INPUT FOR THIS TASK:
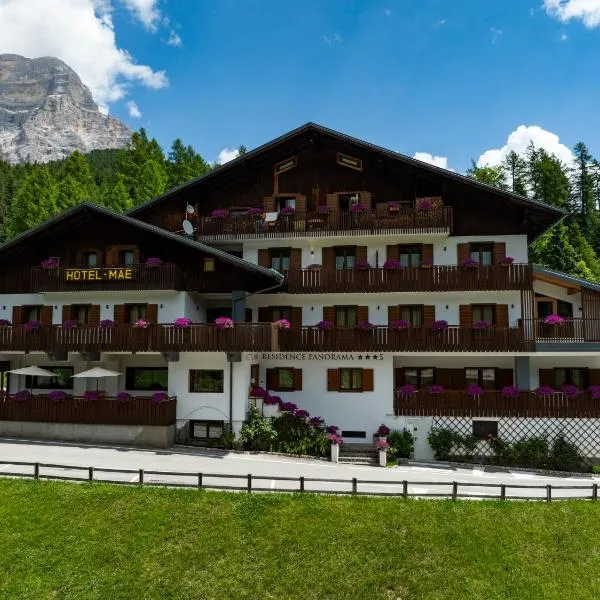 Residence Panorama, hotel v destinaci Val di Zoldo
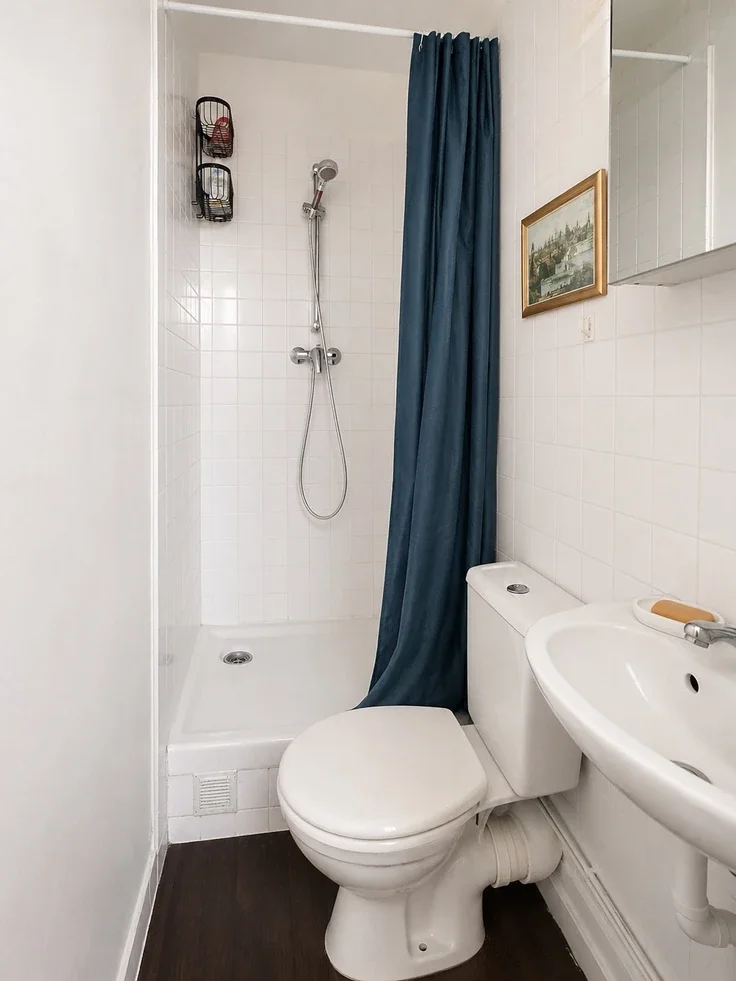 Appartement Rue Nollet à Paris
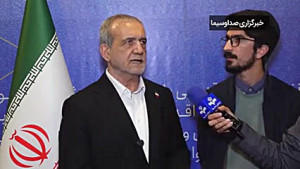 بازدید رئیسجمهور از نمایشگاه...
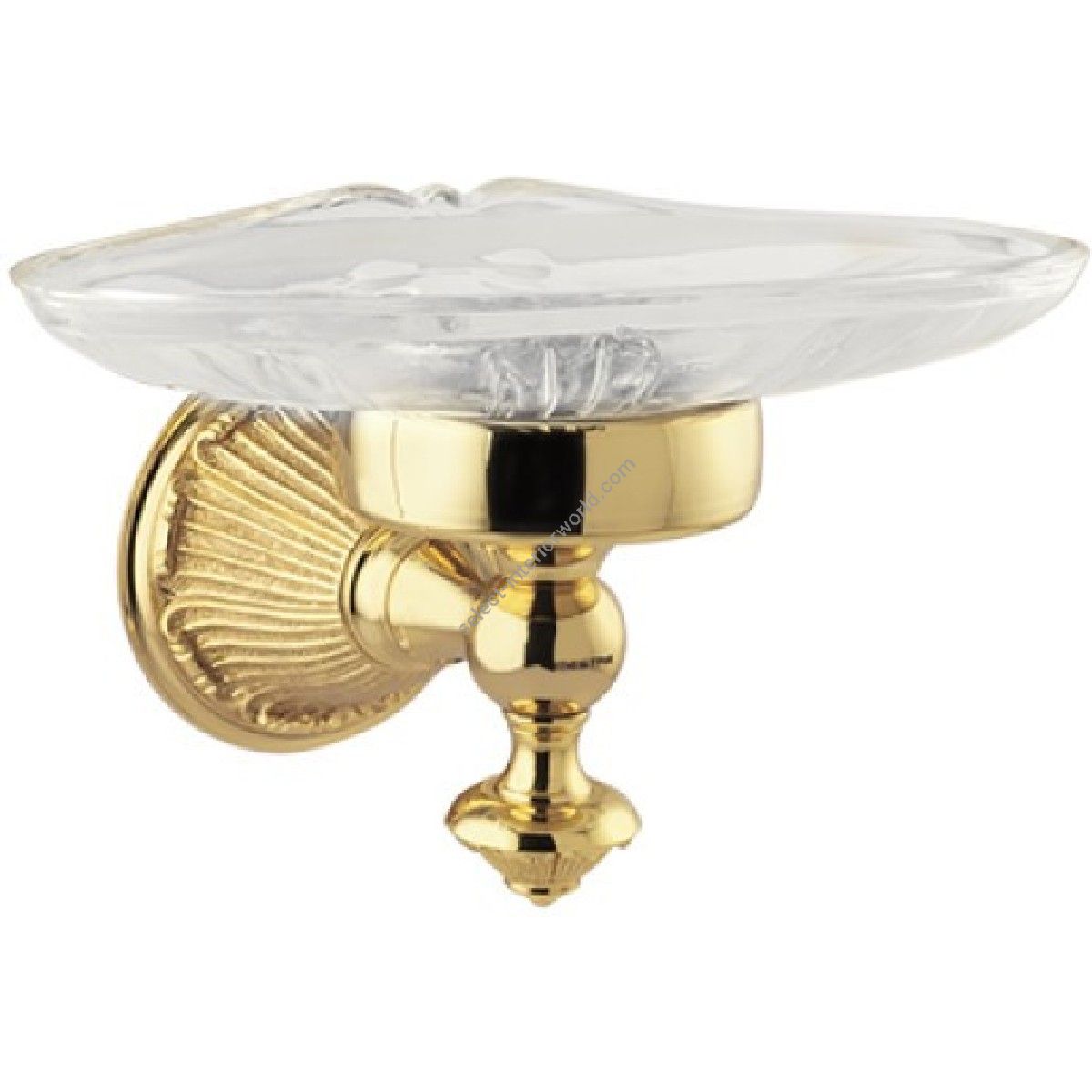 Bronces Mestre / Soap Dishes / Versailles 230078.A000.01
...
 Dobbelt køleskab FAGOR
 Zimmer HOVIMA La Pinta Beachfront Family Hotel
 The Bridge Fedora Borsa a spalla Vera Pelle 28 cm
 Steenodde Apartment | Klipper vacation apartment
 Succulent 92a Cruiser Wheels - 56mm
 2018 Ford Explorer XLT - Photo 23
==
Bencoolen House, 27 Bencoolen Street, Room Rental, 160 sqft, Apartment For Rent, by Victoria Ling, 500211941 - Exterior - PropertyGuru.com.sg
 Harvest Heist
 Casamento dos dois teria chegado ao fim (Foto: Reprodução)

WHAT THIS TASK INVOLVES:
Lines that contain the string "Apartment" should be copied from the material above.

SOLUTION TO THIS EXERCISE:
 Steenodde Apartment | Klipper vacation apartment
Bencoolen House, 27 Bencoolen Street, Room Rental, 160 sqft, Apartment For Rent, by Victoria Ling, 500211941 - Exterior - PropertyGuru.com.sg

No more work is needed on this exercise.